Yeni Osmanlıcı, “yayılmacı” amaçlarla hareket eden Türkiye, bölgedeki ülkelerle sorunlarını bölge ülkeleriyle ikili ya da çok taraflı görüşmelerle çözecek ilişkilere bile sahip değildir. Ama sadece bu kadar da değil. Türkiye bölgeye müdahale eden AB ve ABD ile de önemli sorunları vardır ve AB, uluslararası hukuku ihlal ettiği gerekçesiyle Türkiye’ye yaptırım kararı almıştır. ABD’nin de Türkiye ile Doğu Akdeniz’in enerji yataklarıyla doğrudan ilgili olmasa da[1] Türkiye’ye hem İran politikası hem de hem de Rusya ile S-400 alımı üstünden ekonomik ve askeri ambargo uygulayacak ölçüde sorunları vardır.

Bu yüzden de bölgede tek başınadır.

Bir zamanlar bunu “değerli yalnızlık”olarak savunan AKP Hükümeti, aslında yeni Osmanlıcı “yayılmacılık” amacına eklenen hot-zot diplomasisinin sonucu olarak tecrit olmuş durumdadır.

Çünkü Türkiye;

  • Bölgede ülkelere rejim dayatan,
  • Yeni Osmanlıcılık adına, eski Osmanlı toprakları üstünde tarihsel hakları iddiasında bulunan, bölgedeki mezhep çatışmalarına taraf olarak katılırken Sünni İslam’ın kurtarıcısı rolü üslenerek cihadist guruplarla, özellikle de İhvan’la bölgede etkin olma peşinde koşan,
  • Bölge halklarını kendi kaderini tayin hakkının önünde tehdit unsuru olan dış politikası ve emperyalistlerin bölgeye yerleşmesi için gerekçe yaratan tutumuyla,
  • Kıbrıs’ta 45 yıldır sorunun çözülmemesi için kendi payına düşeni yapmasıyla,
  • Bölgedeki ülkelerle sorunları silahla çözmeye varan girişimleriyle, en küçük sorunlarda bile, içerideki en gerici güçlerin nabzını okşama amaçlı olarak, “Türk’ün Türkten başka dostu yoktur” gibi ön yargıları körükleyerek, “hamaseti, meydan okuyuculuğu”diplomasisinin olağan üslubu yaparak, kendini komşu ülkelerden olduğu gibi dünyadan da tecrit eden bir köşeye çekilmiştir.

Yani Türkiye iktidarı ve sermaye sınıfı bu politikalarla bölgede antiemperyalist bir tutum almamakta, bölgenin yeraltı kaynaklarının emperyalist ve gerici güçlerin yağmasına karşı çıkmamakta, bu yağmadan kendisine pay verilmesini istemektedir.
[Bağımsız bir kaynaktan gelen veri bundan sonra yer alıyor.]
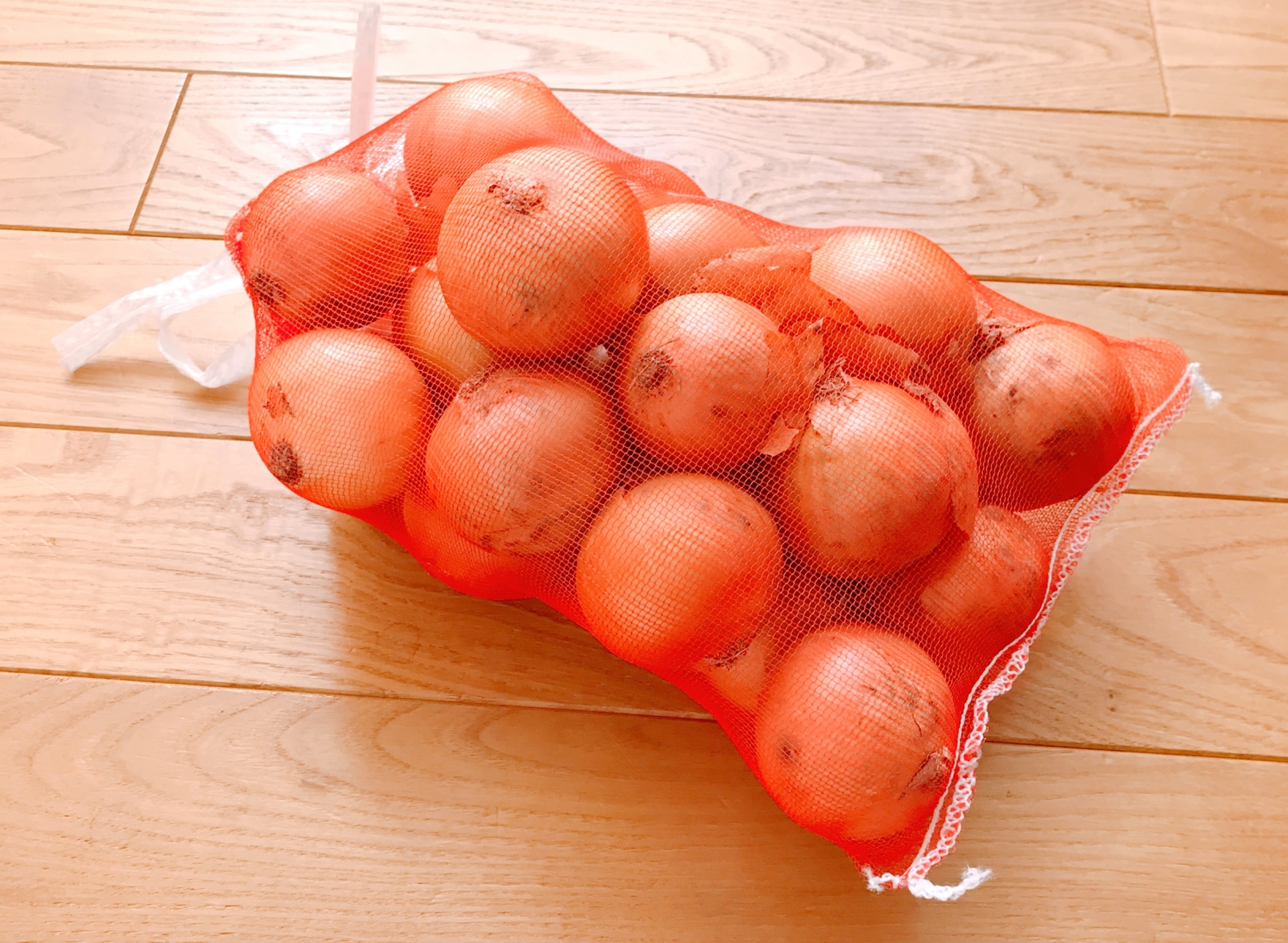 ネットに入った玉ねぎ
Bu yüzden de Türkiye’nin dışlanmasını “Türk düşmanlığı”na ya da “Türkiye’nin haklılığı”na indirgemek yanlıştır.

Dahası Doğu Akdeniz’de enerji kaynaklarının paylaşımı mücadelesinde haklı olan bir ülke ya da “taraf” yoktur. Tersine paylaşım masasında olan ya da “dışlanan” ülkeler, bölgenin yeraltı kaynaklarının paylaşımındaki paylarını çoğaltmak için mücadele halindedirler. Arkalarında da Ortadoğu’nun yeniden paylaşımı mücadelesinde ABD ve Rusya başta olmak üzere emperyalist güçler vardır.

Burada tek doğru tutum ise emperyalistlerin bölgeden ellerini çekmesini isteyen anti emperyalist bir tutum olarak bölge servetlerinin bölge halkları arasında adil bir biçimde paylaşılmasını savunmaktan geçmektedir.


[1] Türkiye ve ABD ilişkilerindeki sorun Doğu Akdeniz’deki enerji yataklarıyla doğrudan ilişkili değildir elbette,  bu iki ülkenin Suriye’de karşı karşıya gelmiş olmalarıdır. Dahası Türkiye’nin Rusya ile ilişkilerinde ABD ve batı emperyalizminin stratejik hedefleriyle ters düşen bir çizgiye yönelmiş olmasıyla ilgilidir. Ki bu sorun da bir yanıyla ya şimdiden Doğu Akdeniz’deki gelişmelerle bağlantılıdır ya da yakın gelecekte bağlanacaktır. Ki, ExxonMobil ile şimdiden de ABD bölgedeki paylaşım mücadelesine somut olarak el atmıştır diyebiliriz. Elbette, İsrail demenin ABD demek olduğunu da unutmamak gerekir.